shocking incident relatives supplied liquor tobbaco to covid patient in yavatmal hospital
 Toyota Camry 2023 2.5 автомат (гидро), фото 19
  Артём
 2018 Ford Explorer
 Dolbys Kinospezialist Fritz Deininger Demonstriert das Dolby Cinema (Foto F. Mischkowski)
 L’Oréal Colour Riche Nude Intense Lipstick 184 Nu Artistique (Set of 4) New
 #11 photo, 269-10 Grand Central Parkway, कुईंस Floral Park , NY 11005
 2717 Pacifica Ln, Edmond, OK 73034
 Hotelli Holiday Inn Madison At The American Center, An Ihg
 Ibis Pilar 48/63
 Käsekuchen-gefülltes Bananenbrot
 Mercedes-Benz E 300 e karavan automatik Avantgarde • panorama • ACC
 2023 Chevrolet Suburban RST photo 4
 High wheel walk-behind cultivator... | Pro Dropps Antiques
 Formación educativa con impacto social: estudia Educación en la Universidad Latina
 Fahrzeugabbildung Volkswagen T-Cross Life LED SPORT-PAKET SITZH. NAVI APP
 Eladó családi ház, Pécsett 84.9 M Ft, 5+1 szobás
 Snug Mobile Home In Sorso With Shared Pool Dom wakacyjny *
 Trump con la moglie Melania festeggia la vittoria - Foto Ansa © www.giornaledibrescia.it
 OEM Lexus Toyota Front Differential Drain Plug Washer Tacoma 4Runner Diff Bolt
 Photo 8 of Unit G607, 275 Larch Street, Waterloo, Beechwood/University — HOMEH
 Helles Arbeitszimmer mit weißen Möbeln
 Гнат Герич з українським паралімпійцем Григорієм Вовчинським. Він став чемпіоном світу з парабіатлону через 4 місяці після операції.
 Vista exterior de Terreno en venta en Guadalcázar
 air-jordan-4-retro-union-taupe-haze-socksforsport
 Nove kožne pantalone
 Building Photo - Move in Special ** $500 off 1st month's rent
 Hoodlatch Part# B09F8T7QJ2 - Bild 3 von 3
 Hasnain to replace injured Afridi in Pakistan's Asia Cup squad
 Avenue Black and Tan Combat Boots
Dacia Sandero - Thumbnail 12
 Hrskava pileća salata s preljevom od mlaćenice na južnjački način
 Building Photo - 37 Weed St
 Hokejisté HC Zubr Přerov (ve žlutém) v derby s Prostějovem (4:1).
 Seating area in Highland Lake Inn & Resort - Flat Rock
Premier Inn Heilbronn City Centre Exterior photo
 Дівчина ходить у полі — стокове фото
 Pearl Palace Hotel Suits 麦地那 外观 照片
_____
Problem statement: In the material above, locate the line containing "#11 photo, 269-10" and the line containing "Snug Mobile Home". Transcribe exactly those two lines and every line between them, and nothing more.

Response to this task:
 #11 photo, 269-10 Grand Central Parkway, कुईंस Floral Park , NY 11005
 2717 Pacifica Ln, Edmond, OK 73034
 Hotelli Holiday Inn Madison At The American Center, An Ihg
 Ibis Pilar 48/63
 Käsekuchen-gefülltes Bananenbrot
 Mercedes-Benz E 300 e karavan automatik Avantgarde • panorama • ACC
 2023 Chevrolet Suburban RST photo 4
 High wheel walk-behind cultivator... | Pro Dropps Antiques
 Formación educativa con impacto social: estudia Educación en la Universidad Latina
 Fahrzeugabbildung Volkswagen T-Cross Life LED SPORT-PAKET SITZH. NAVI APP
 Eladó családi ház, Pécsett 84.9 M Ft, 5+1 szobás
 Snug Mobile Home In Sorso With Shared Pool Dom wakacyjny *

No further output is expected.